[[ DATA SECTION open ]]
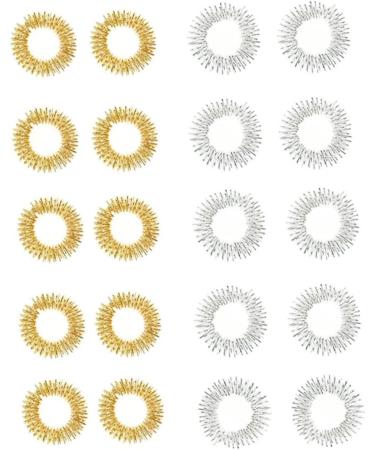 Finger Massage Rings - Sensory Hand Acupressure Golden Plastic Ring for Relaxation & Relief - Buy Online on GoSupps.com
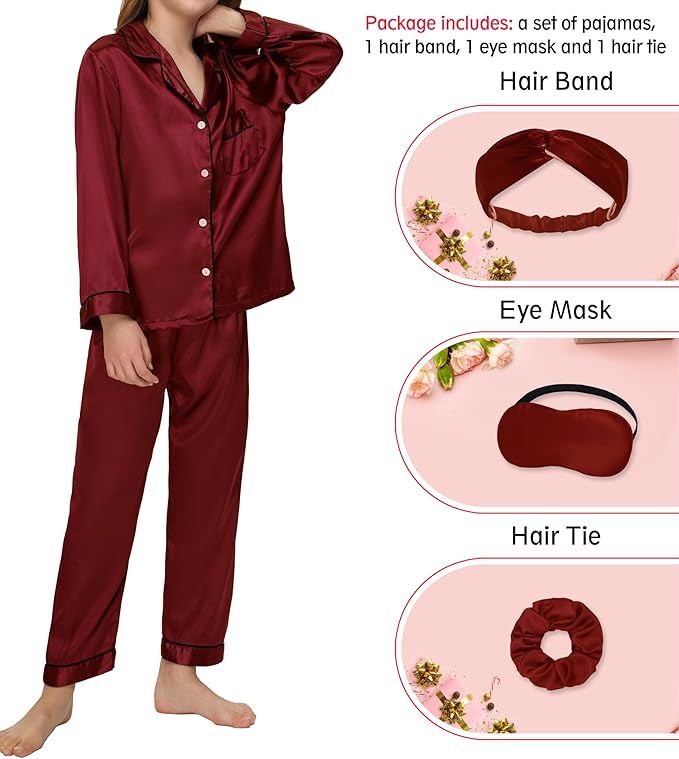 EPLAZA Kids Satin Pajamas Sets Girls Boys Button-Down Silky Pajamas Sleepwear with Hairband Eye Mask Hair Tie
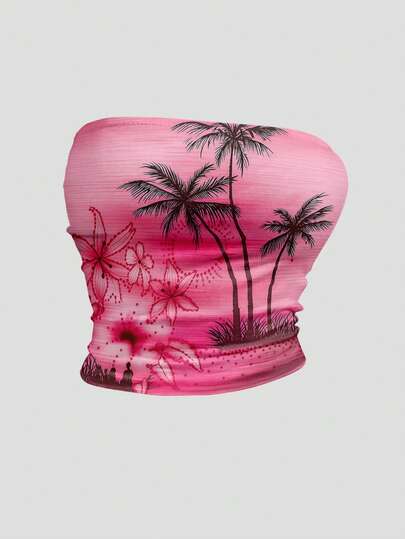 Sweetra Women's Summer Beach Coconut Tree & Hibiscus Flower Cropped Tube Top, Y2K Style Vacation & Beach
[[ DATA SECTION closed ]]
§ INSTRUCTIONS TO FOLLOW:
With the images removed, reproduce all the material above word for word.

§ TASK RESPONSE:
 Finger Massage Rings - Sensory Hand Acupressure Golden Plastic Ring for Relaxation & Relief - Buy Online on GoSupps.com
 EPLAZA Kids Satin Pajamas Sets Girls Boys Button-Down Silky Pajamas Sleepwear with Hairband Eye Mask Hair Tie
 Sweetra Women's Summer Beach Coconut Tree & Hibiscus Flower Cropped Tube Top, Y2K Style Vacation & Beach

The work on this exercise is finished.